● **Dataset excerpts**:

-=-=-=-=-

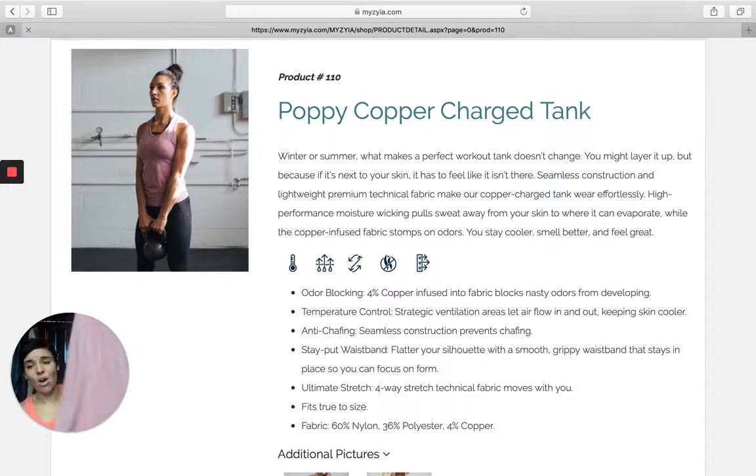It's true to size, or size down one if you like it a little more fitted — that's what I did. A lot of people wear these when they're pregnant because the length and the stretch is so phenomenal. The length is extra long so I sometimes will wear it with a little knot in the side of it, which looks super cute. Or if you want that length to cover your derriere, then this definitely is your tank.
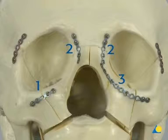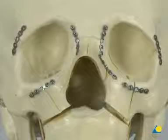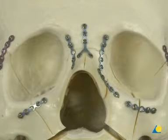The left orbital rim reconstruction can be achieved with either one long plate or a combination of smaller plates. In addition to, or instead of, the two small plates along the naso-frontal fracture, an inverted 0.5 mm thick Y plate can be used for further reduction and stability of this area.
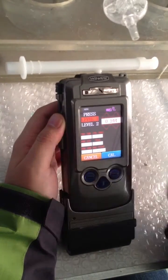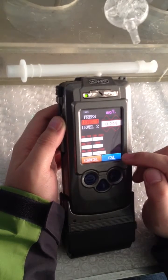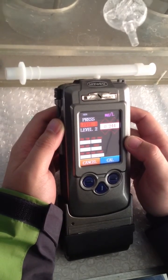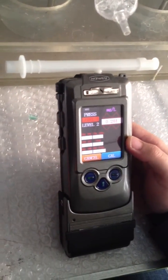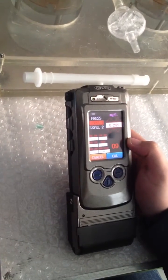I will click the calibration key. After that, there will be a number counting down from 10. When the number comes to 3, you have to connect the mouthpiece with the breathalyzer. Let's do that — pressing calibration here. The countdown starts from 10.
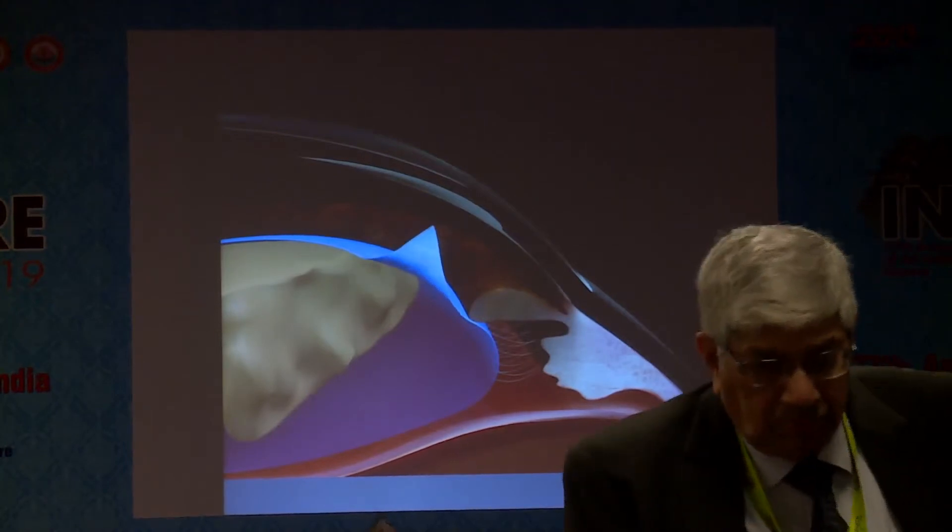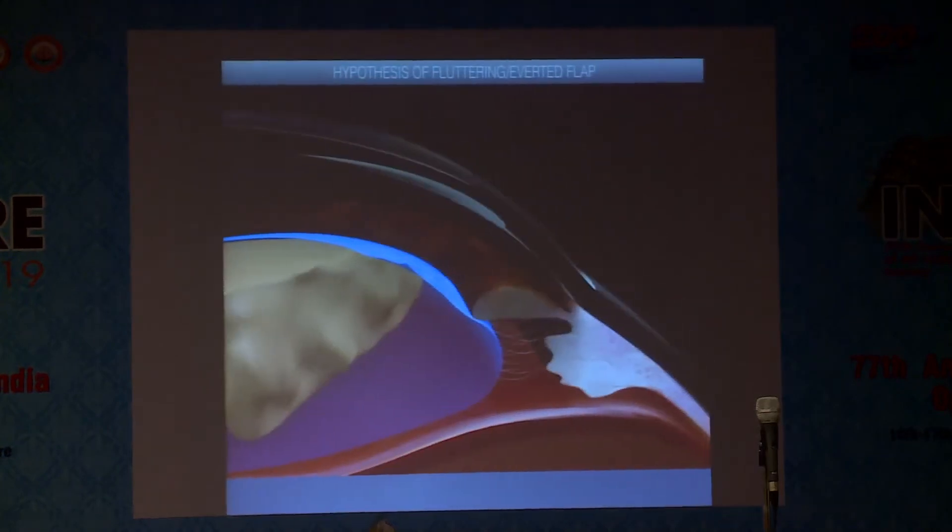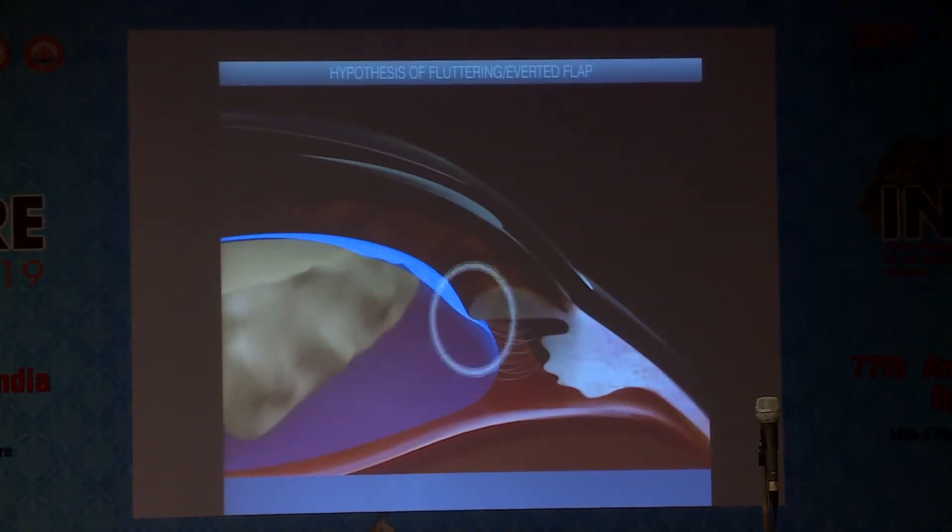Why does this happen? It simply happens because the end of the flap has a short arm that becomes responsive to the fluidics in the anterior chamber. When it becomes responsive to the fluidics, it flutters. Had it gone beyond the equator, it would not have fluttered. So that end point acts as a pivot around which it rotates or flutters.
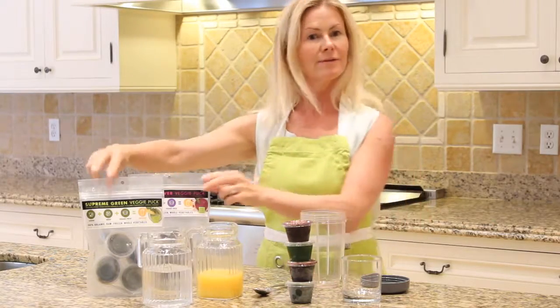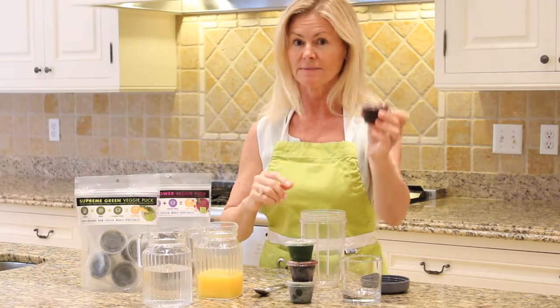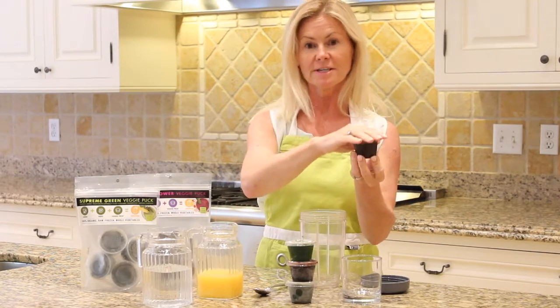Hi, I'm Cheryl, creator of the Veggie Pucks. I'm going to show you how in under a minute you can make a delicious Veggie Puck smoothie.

-=-=-=-=-

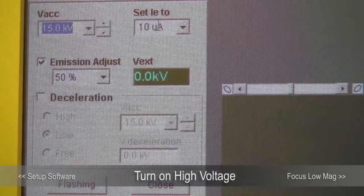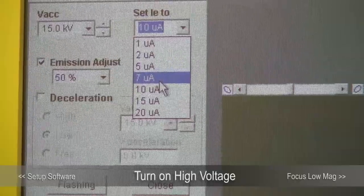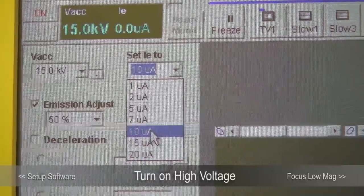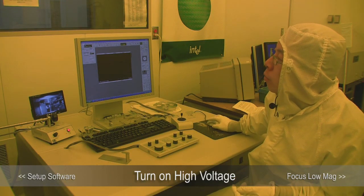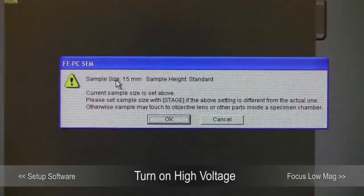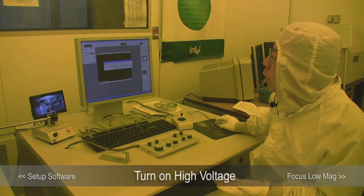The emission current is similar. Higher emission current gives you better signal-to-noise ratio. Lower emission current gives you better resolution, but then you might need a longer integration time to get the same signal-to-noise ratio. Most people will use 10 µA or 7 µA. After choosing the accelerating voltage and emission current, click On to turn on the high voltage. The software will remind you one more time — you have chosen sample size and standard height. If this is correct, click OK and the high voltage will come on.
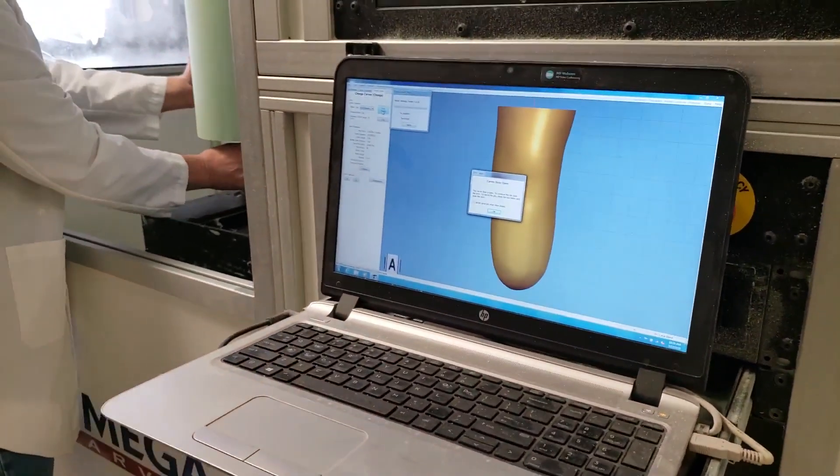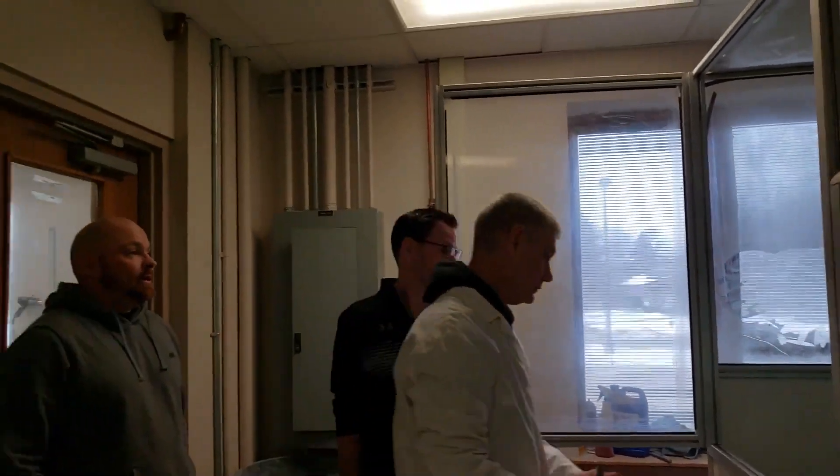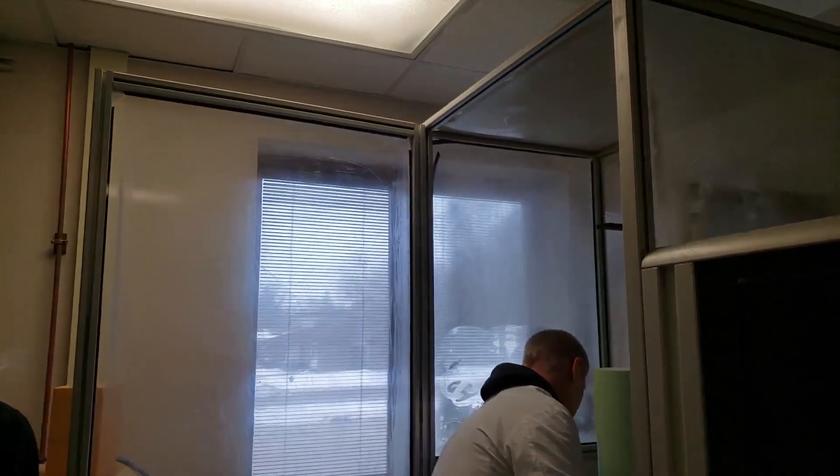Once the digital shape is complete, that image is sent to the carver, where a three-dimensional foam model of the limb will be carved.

-=-=-=-=-

● **Description of the task**: Transcribe only the lines above that start at the line containing "Why does this" and end at the line containing "Hi, I'm Cheryl, creator". Omit pictures.

● **Response to the task**:
Why does this happen? It simply happens because the end of the flap has a short arm that becomes responsive to the fluidics in the anterior chamber. When it becomes responsive to the fluidics, it flutters. Had it gone beyond the equator, it would not have fluttered. So that end point acts as a pivot around which it rotates or flutters.
Hi, I'm Cheryl, creator of the Veggie Pucks. I'm going to show you how in under a minute you can make a delicious Veggie Puck smoothie.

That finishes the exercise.